What I need is an exact repeat of the lines from the one with "Market position of netcup" through the end of the listing below. Leave out every picture.

• [The data]:
[Start of Attachment]
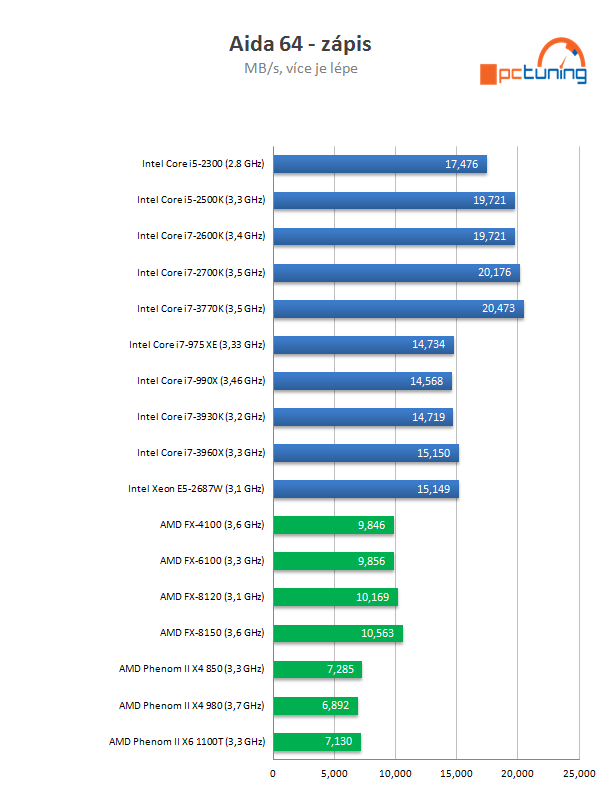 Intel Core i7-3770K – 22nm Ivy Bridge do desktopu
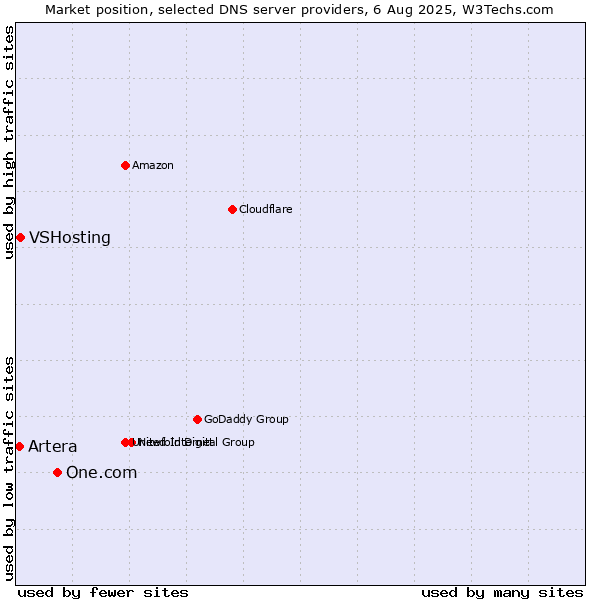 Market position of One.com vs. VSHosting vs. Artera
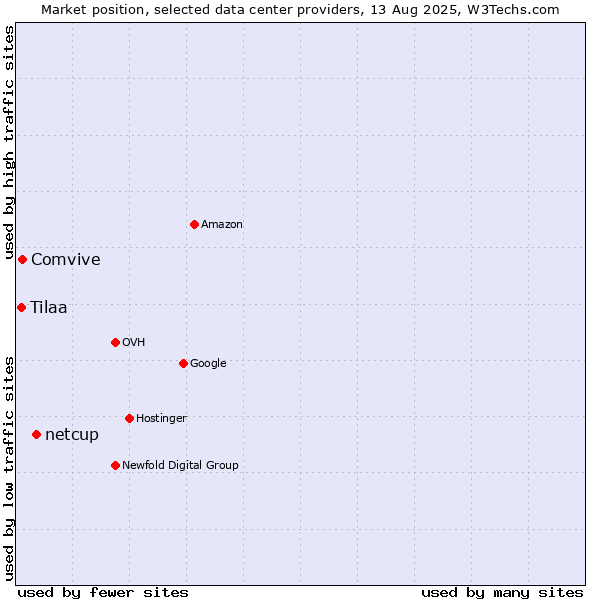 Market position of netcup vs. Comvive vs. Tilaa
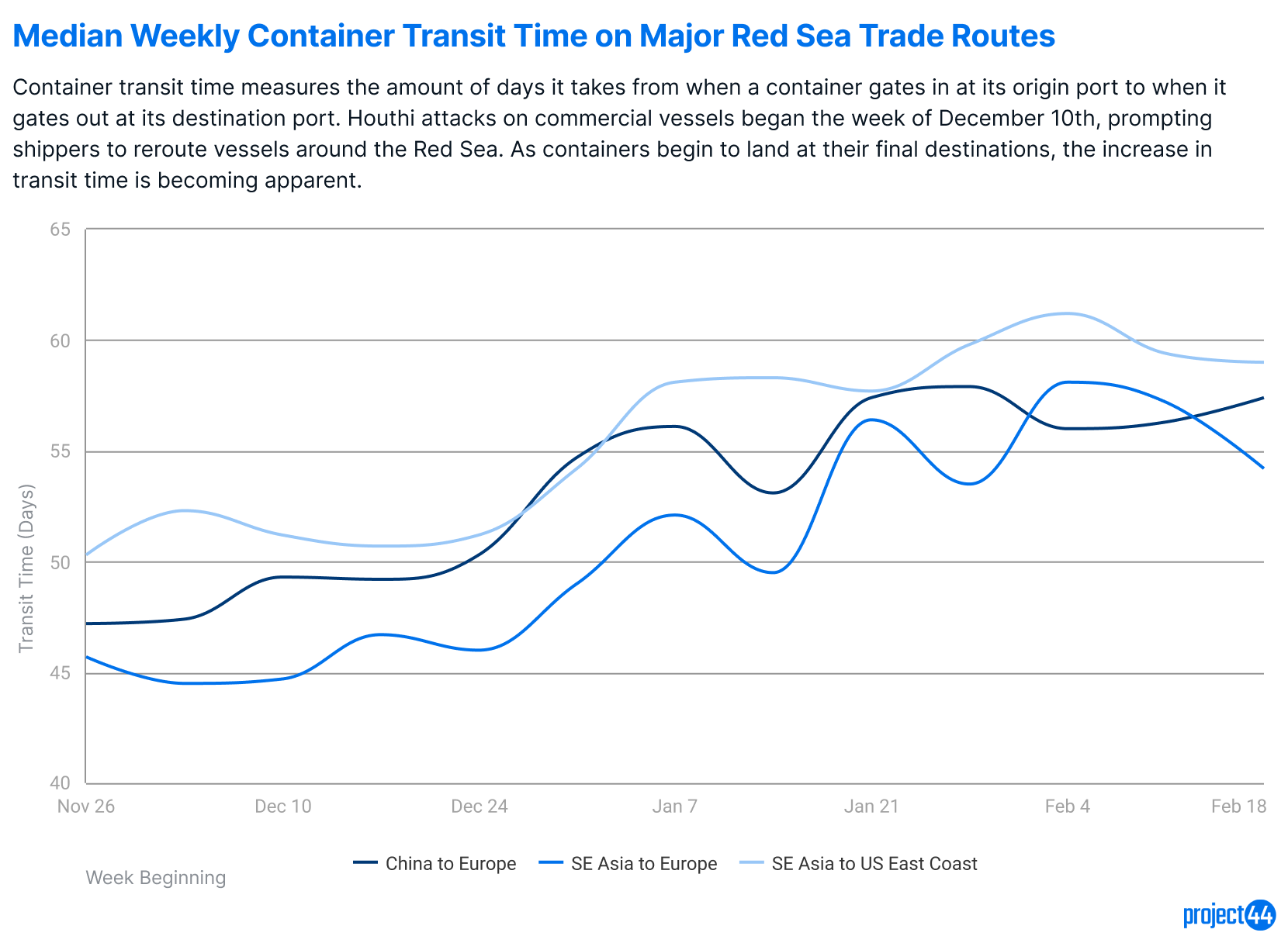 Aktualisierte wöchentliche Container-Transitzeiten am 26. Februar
[End of Attachment]
• [Solution to the exercise]:
 Market position of netcup vs. Comvive vs. Tilaa
 Aktualisierte wöchentliche Container-Transitzeiten am 26. Februar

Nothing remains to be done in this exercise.